[Opening Information supplied section]

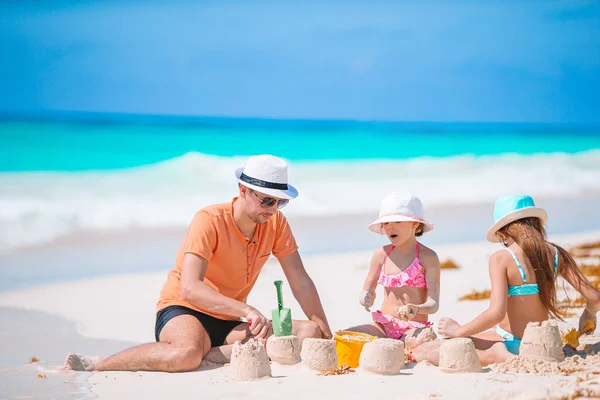 Otec a malé dcery, takže hrad z písku na tropické pláži — Stock fotografie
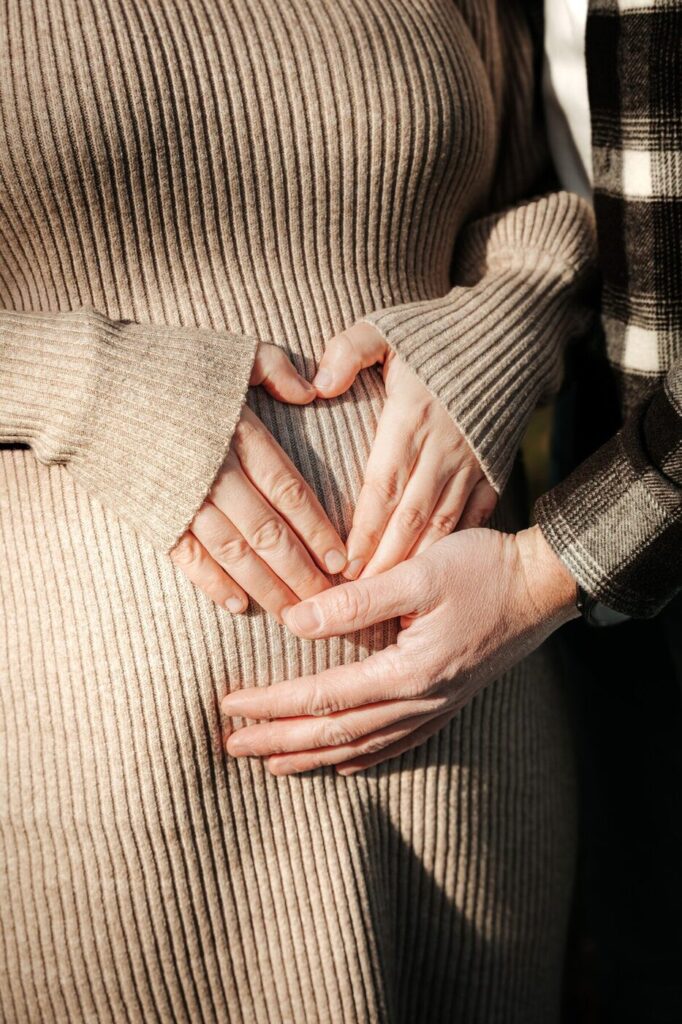 Mains en forme de cœur sur un ventre de femme enceinte, photographe grossesse à Vevey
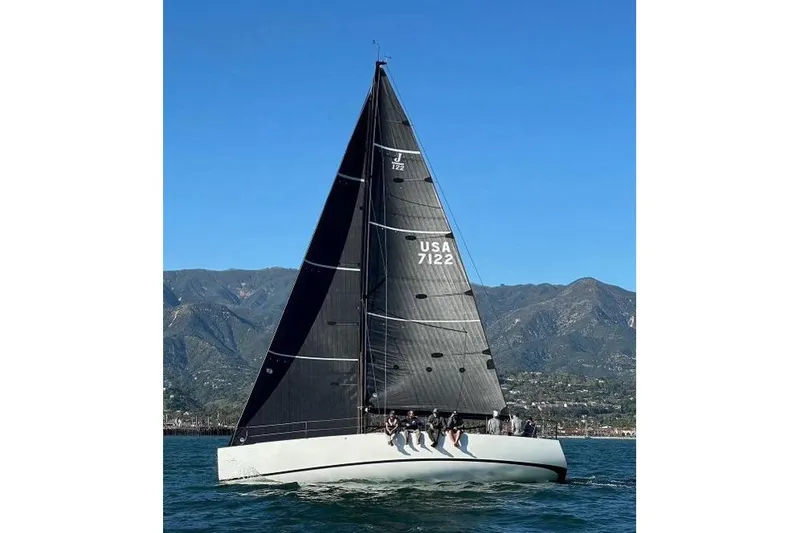 Slide: The Image of Sailboat J/122 from 2008 with spinnaker, birds flying overhead, ocean background. - 53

[Closing Information supplied section]

**Instructions to follow**
Once the pictures are set aside, please reproduce the remaining material word for word.

**Written reply**
 Otec a malé dcery, takže hrad z písku na tropické pláži — Stock fotografie
 Mains en forme de cœur sur un ventre de femme enceinte, photographe grossesse à Vevey
 Slide: The Image of Sailboat J/122 from 2008 with spinnaker, birds flying overhead, ocean background. - 53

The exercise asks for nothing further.